Imagine a father killing a snake loitering on the front door. This father then gives the stick to his young child so that the child, too, can take a few whacks at the dying snake. “Good job!” encourages the father. If the child’s hands waver, the father is there to steady them. Though the parent is the one who has accomplished the final victory, the father delights to include his children whom he loves, for the pleasure of the parent and the furtherance of the teaching of the child.

Praise God! We can participate! Though it is God’s mission, He gives us a part. He has won the victory and has crushed the Serpent’s head but still allows us to tread Satan under our feet.

God has conquered through the sending of his Son and now sends us to gather the spoil. God gives us the Spirit to steady weak arms and through God’s inclusion of us into His own mission, we learn more about our Sending God and His Son Jesus Christ, the Sent-Out one who includes us in His work by the Spirit.

God, by the death of His Son, reconciles the world to Himself and sends us forth, giving us the message of reconciliation (II Corinthians 5:19).


Dear Father,

Ultimately, you send us to reap wherein we have bestowed no labor. Another has done the work, and yet we take part in His labors. We look at the fields white for harvest and we pray for the privilege of participation in gathering in this precious wheat. Oh Lord, thank you that we together, You who plant and we who are allowed to harvest, are able to share in this joy together.
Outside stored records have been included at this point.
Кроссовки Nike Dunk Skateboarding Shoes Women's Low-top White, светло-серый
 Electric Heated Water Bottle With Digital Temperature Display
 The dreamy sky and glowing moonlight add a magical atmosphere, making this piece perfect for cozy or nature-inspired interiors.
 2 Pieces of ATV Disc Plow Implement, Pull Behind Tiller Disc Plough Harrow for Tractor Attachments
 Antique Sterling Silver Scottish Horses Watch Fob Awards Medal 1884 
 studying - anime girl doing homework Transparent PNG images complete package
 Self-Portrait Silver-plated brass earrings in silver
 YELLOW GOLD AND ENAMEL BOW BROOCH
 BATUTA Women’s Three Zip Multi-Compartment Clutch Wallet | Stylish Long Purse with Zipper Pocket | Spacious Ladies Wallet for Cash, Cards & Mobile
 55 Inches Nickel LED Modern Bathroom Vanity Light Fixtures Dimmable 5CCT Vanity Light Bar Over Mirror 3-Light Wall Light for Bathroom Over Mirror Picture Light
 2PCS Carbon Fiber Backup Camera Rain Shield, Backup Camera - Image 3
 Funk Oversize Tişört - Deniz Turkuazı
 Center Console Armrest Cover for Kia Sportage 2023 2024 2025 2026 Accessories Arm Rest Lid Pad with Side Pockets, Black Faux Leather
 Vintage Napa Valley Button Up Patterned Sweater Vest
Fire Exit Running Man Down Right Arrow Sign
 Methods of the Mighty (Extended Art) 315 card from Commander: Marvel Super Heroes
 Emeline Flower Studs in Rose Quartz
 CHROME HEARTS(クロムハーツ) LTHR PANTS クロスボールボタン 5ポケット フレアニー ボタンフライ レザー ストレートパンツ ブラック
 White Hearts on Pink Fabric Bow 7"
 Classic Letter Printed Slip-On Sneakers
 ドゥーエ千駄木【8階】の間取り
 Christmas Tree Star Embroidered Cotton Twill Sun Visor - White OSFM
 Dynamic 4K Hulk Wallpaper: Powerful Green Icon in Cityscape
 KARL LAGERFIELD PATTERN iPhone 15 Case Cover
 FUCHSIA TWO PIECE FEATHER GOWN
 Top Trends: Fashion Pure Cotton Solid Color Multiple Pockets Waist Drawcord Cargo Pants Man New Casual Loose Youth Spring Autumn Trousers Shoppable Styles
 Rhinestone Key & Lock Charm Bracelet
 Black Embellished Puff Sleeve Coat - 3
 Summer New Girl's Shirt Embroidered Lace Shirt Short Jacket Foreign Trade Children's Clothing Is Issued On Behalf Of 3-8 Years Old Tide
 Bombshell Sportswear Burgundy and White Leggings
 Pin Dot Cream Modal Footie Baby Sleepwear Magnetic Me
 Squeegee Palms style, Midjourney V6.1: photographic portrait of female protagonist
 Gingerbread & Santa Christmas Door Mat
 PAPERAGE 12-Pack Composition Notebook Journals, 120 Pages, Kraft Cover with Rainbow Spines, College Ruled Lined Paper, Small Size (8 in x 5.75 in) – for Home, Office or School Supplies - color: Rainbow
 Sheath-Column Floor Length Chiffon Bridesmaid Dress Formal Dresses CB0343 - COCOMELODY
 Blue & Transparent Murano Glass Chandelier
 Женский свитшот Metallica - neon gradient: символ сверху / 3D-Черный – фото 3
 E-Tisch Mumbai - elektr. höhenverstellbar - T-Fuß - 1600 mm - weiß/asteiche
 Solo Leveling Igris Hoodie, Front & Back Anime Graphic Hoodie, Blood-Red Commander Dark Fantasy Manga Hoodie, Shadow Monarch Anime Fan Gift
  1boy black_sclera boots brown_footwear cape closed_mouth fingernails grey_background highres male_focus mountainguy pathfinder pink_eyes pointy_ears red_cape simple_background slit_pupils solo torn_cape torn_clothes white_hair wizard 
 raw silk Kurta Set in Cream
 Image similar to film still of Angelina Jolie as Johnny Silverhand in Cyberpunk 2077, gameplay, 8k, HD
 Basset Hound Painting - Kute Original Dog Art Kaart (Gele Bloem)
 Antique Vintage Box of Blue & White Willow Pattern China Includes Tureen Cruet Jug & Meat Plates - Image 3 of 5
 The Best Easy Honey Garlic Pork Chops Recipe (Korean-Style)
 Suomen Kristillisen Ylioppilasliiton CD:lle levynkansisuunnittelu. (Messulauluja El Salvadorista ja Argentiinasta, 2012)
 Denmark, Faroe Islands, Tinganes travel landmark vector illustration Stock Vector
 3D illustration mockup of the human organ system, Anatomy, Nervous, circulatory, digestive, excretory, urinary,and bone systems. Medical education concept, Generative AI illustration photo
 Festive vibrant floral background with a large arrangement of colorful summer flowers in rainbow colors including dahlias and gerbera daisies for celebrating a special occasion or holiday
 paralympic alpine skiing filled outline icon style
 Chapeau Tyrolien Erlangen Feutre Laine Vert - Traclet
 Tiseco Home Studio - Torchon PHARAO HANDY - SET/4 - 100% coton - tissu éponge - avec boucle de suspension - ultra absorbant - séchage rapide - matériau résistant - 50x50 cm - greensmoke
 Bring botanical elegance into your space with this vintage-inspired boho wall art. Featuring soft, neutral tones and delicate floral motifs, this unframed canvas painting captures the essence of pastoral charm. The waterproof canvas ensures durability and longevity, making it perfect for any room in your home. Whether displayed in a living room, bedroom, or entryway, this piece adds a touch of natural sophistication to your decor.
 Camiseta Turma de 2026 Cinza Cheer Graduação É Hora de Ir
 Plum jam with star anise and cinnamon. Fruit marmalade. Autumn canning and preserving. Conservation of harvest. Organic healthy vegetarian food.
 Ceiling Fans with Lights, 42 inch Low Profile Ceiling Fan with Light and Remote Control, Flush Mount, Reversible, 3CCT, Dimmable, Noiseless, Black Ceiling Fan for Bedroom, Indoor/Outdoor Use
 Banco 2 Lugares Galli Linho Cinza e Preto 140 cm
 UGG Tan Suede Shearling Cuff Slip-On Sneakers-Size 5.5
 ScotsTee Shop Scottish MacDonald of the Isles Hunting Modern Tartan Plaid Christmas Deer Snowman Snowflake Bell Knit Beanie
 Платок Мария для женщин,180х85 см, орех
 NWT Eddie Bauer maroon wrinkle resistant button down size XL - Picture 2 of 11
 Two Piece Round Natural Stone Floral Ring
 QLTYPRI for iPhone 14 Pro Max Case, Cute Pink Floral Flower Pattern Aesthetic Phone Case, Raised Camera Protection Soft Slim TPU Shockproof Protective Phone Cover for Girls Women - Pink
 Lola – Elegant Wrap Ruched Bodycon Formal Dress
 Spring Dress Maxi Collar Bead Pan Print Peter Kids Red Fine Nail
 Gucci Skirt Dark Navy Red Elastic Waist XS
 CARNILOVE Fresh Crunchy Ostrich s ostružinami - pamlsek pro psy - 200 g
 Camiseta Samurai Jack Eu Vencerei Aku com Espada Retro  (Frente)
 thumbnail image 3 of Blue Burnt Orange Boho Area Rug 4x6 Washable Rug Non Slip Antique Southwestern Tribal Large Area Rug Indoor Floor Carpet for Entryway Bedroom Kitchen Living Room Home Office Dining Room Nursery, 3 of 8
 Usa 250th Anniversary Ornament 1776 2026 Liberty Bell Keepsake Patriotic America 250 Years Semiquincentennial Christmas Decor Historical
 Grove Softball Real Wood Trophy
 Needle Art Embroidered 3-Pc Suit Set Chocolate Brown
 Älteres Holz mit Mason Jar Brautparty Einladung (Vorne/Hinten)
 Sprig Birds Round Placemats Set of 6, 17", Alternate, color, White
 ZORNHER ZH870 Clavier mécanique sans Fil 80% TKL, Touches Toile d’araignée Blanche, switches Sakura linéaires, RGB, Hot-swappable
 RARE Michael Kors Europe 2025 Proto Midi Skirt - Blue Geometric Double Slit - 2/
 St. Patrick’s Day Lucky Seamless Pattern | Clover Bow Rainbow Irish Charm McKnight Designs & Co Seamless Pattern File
Thank you Lord for allowing us to reap the fruit of your labors.


  1. Excellent post! The point about the Trinity is very good.

    What book has had the single most influence on you in regards to mission? - Mark from PuritanBoard

  2. When I was younger I never really read any missions book. Matthew 28 hit me like a semi truck.

    Recently, Piper's let the nations be glad and don't waste your life and Thomas Hale's On Being a Missionary.